Three local singers approach the national anthem in different ways that fit their voice, abilities and emotions.
Sarasota’s Jessie Ochsendorf likes to focus on an object when she’s standing in front of a large crowd preparing to sing the national anthem.
So what better object to focus on than the red and white stripes of an American flag?
Ochsendorf uses the flag as her mode of concentration as she starts singing. Beginning the national anthem strong and hitting the right pitch is important so she can be confident throughout the rest of the song. Confidence is important, said the singer, who is 11.
“I get nervous every time I sing it, but I feel honored they picked me to sing it and not some other adult who could probably sing it better than I can,” said Ochsendorf.
The first two times Ochsendorf sang the national anthem at the Sarasota Polo Club, she sang accompanied by a piano recording. In her final performance, Ochsendorf decided to show the ultimate in national anthem courage — performing it acapella.
The “Star-Spangled Banner” is a song everyone in the U.S. has heard, but our national anthem is rarely performed the same way. Whether it's the key, tempo, style, or sometimes the notes themselves, each singer's interpretation turns it into a song as unique as we are.
Three local singers, who are students and a teacher at the Music Compound, share their own approaches to the national anthem.
“Many different artists are singing it in many different ways,” said Lakewood Ranch’s Sabine Kvenberg, a teacher at Music Compound. “You have to find the right way that works for you and your voice.”
Lakewood Ranch’s Jasleen Kaur, who is 17, said being able to put her own spin on a song that is so well known is scary.
“You don’t want people to be like, ‘Oh, she didn’t sing it the right way,’” Kaur said. “You just have to know that any song you sing you have to add your own little twist to it. Nobody wants to sing it exactly how it’s written.”
Kvenberg said the national anthem actually is quite challenging to sing because of its wide range.
“The modern pop songs have a small range so a lot of people can sing them,” Kvenberg said. But the “Star-Spangled Banner” has notes that span an octave and a half, making it difficult for even seasoned singers.
At times, singers like Kaur and Ochsendorf admit they have trouble reaching the high note that comes with the word “free” in the song.
The key to a great rendition, the singers said, it just that — finding the right key to start on to be able to achieve that high note, and then identifying the areas of the song where they can showcase their singing abilities.
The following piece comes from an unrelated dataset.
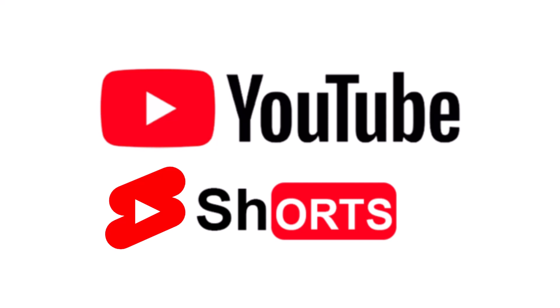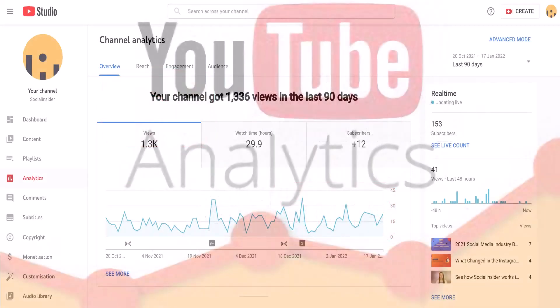Keep your Shorts concise — YouTube Shorts are limited to 60 seconds, so it's important to keep your message brief and to the point, focused on delivering a clear message. Take advantage of YouTube's analytics for your videos, as YouTube offers detailed analytics that can help you track the success of your Shorts and refine your strategy to create content that resonates with your audience.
Kvenberg, who is 62, looks for moments where she can show off the power of her voice. “The ramparts red glare, the bombs bursting in air,” is her sweet spot.
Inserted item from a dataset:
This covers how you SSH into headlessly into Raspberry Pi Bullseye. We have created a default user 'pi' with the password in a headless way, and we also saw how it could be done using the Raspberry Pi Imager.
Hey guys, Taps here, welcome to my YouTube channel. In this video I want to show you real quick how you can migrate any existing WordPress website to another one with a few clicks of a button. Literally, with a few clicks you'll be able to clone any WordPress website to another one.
Ochsendorf agreed. That line in particular is her favorite because it allows her to project as the melody builds.
“The music gives you guidance,” Kvenberg said. “The melody is so important. For me, words are important too, but the melody is something that touches you on a different level. With the national anthem and how it is written, it’s just so beautiful.”
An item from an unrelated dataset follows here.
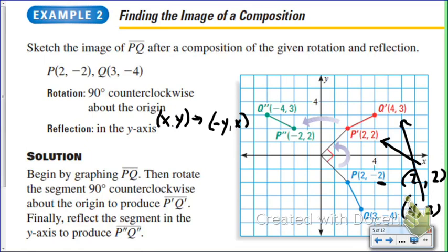After the rotation to the red segment, we then reflect over the y-axis, and we end up at the green segment at (−4, 3) and (−2, 2), which is in the second quadrant.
In contrast, Kaur said she takes it slow and her voice is often softer. She emphasizes lyrics with a lot of emotion because of the deep meaning behind the song.
Kvenberg’s favorite lyric is the last line of the song “O’er the land of the free and the home of the brave.”
“Living in a country like the United States, sometimes we take it for granted, the freedom we have,” she said. “And also the bravery from a lot of brave souls who fought for freedom. It reminds us how lucky we are, and we should be eternally grateful for that freedom.”
The same lyrics are Kaur’s favorite because they give her an opportunity to play with the melody and sing at different notes. For example, she’ll sing “free” at a higher note before bringing it back down for “and the home of the” leaving “brave” as a standout moment that she makes last longer than other lyrics.
Each of the singers said she is honored to be able to sing the national anthem at an event.
“It feels special because it also represents our country,” Kvenberg said. “When I sing a song, I am 100% engaged in it. I put my whole self into a song. In that moment, when I perform, the song becomes part of me, and I become part of the song.”